WHAT IS REQUIRED
Your task is to transcribe all the entries exactly, excluding pictures.
═══ RECORDS TO USE
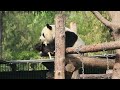 240425 大熊猫萌兰 么么儿坐在栖架上吃竹子 大熊猫 panda menglan cutepanda zoo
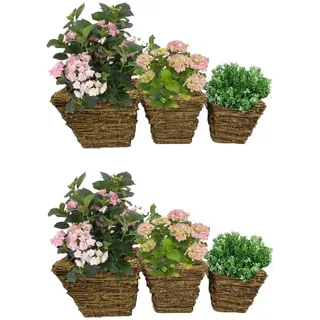 Set 6 X Weiden Blumen Kräuter Pflanztöpfe Rattan Körbe Ausgekleidete Terrasse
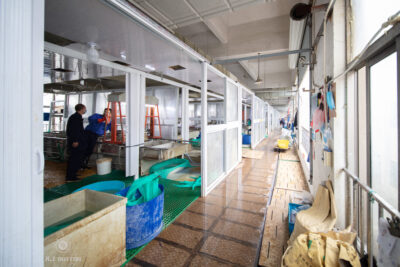 Electroplating Workshop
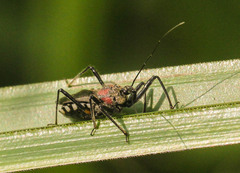 Rhynocoris venustus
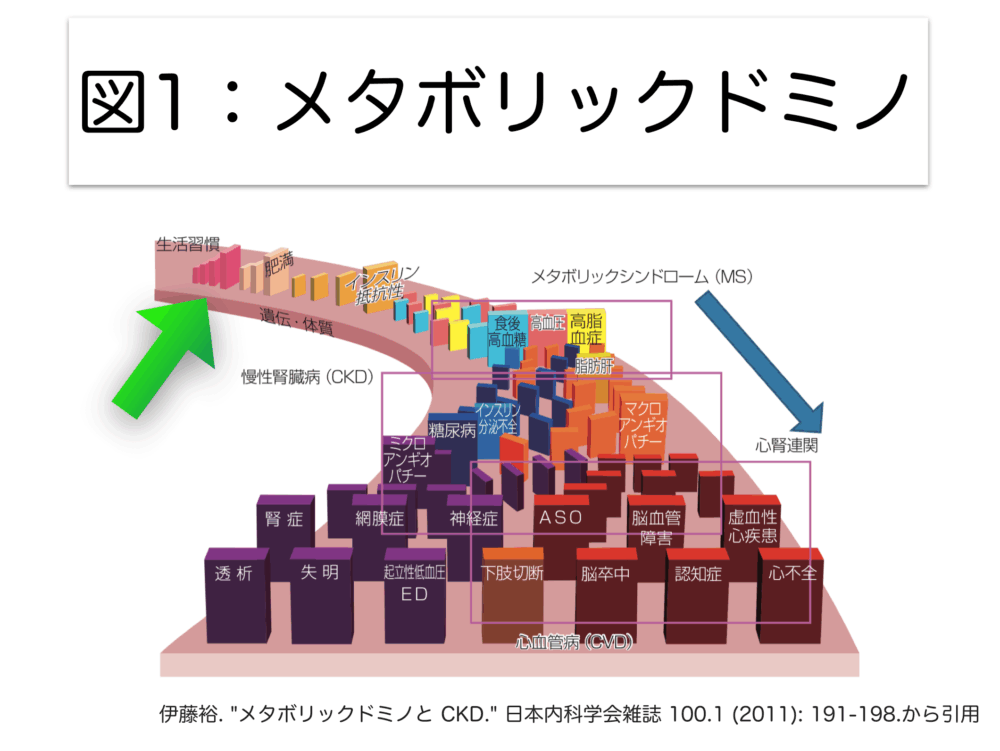 歯をもたせるための、豆知識〜その1 総論〜
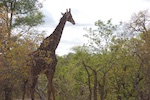 Photo from Susan's Story, a giraffe we saw Photo from Susan's Story, a giraffe we saw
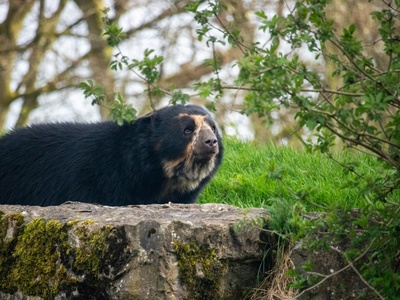 Spectacled Bear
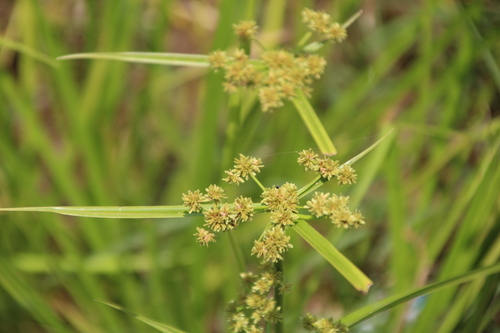 Variable Flatsedge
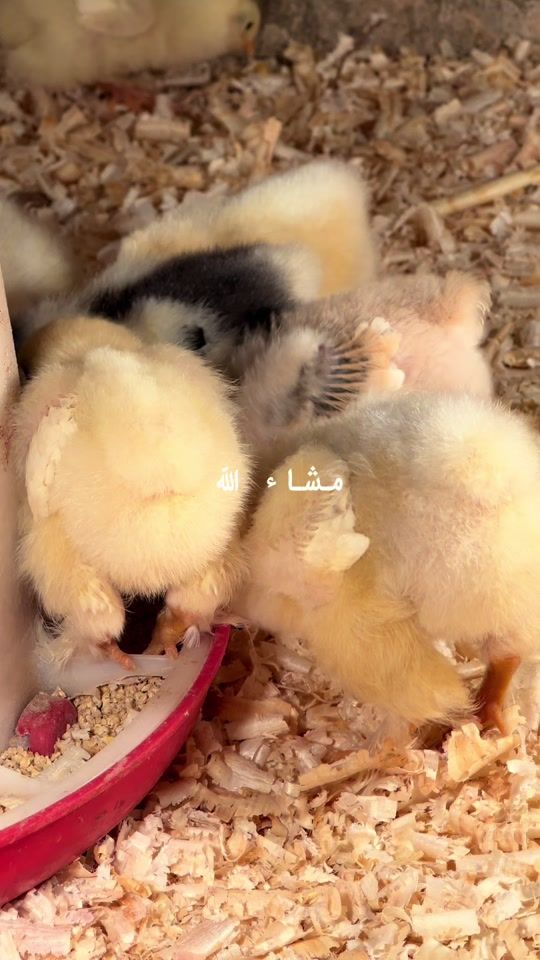 TikTok video thumbnail by mmmkk7874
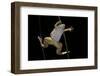 Xenopus Laevis (African Clawed Frog, Platanna)-Paul Starosta-Framed Photographic Print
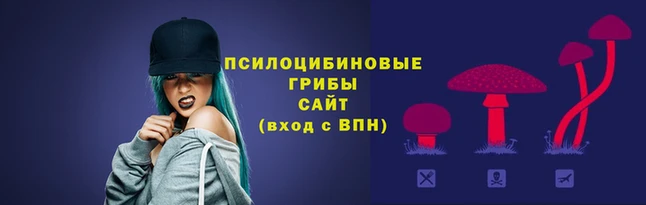 хмурый Баксан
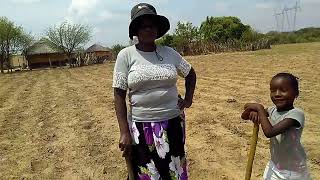 Zim Vlog /How We Plant Maize🌽At My Village Part 1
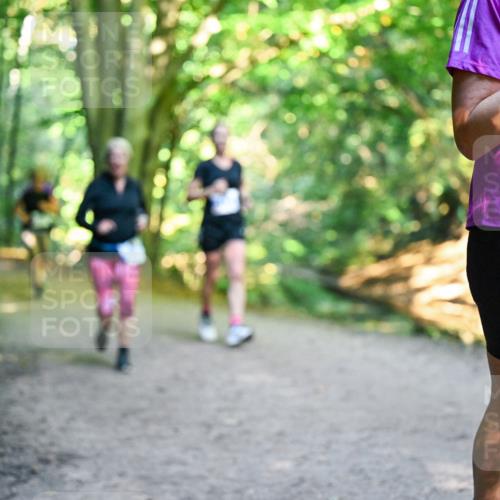 28.09.2025 - 33. Volkslauf durch das schöne Alstertal Dr. Thomas Lammeyer http://msf.ph/oto/8958729 28.09.2025 10:52:41 Laufen 3150 meine-sportfotos.de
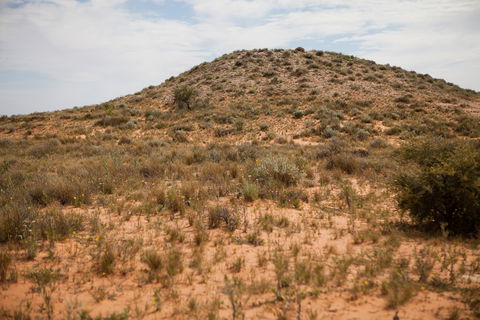 Munga-Thirri - Simpson Desert Conservation Park And Regional Reserve - Accommodation Directory 2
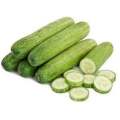 20+ Cucumber Desi Kheera Kitchen Gardening Vegetable Seeds. 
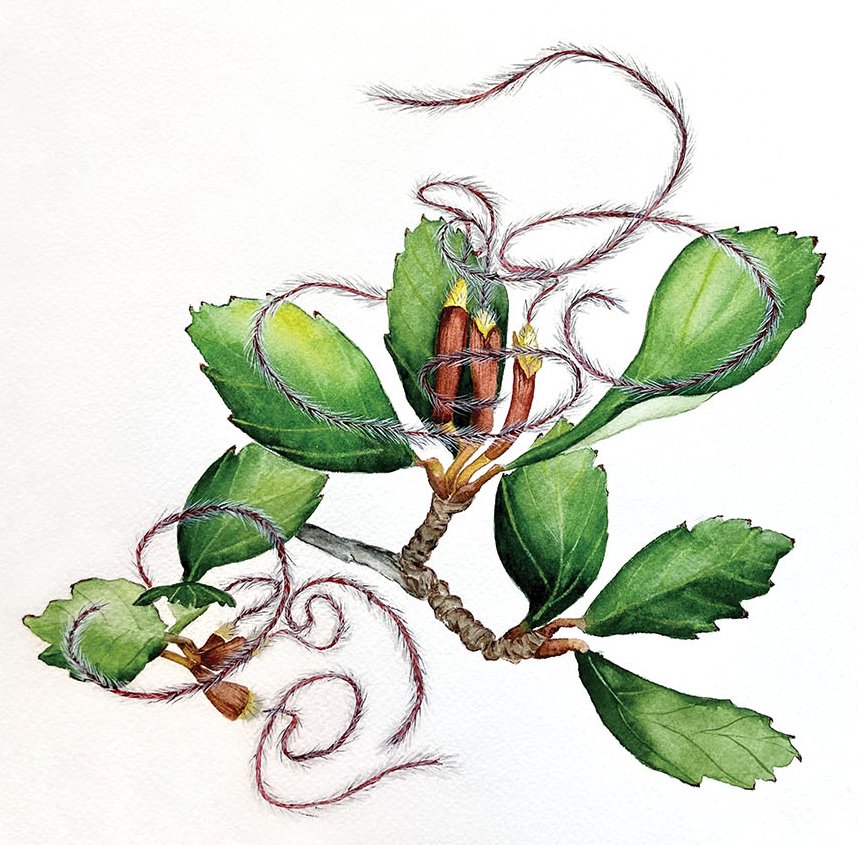 Illustration of Silverleaf mountain mahogany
══════
SOLUTION TO THE PROBLEM
 240425 大熊猫萌兰 么么儿坐在栖架上吃竹子 大熊猫 panda menglan cutepanda zoo
 Set 6 X Weiden Blumen Kräuter Pflanztöpfe Rattan Körbe Ausgekleidete Terrasse
 Electroplating Workshop
 Rhynocoris venustus
 歯をもたせるための、豆知識〜その1 総論〜
 Photo from Susan's Story, a giraffe we saw Photo from Susan's Story, a giraffe we saw
 Spectacled Bear
 Variable Flatsedge
 TikTok video thumbnail by mmmkk7874
 Xenopus Laevis (African Clawed Frog, Platanna)-Paul Starosta-Framed Photographic Print
 хмурый Баксан
 Zim Vlog /How We Plant Maize🌽At My Village Part 1
 28.09.2025 - 33. Volkslauf durch das schöne Alstertal Dr. Thomas Lammeyer http://msf.ph/oto/8958729 28.09.2025 10:52:41 Laufen 3150 meine-sportfotos.de
 Munga-Thirri - Simpson Desert Conservation Park And Regional Reserve - Accommodation Directory 2
 20+ Cucumber Desi Kheera Kitchen Gardening Vegetable Seeds. 
 Illustration of Silverleaf mountain mahogany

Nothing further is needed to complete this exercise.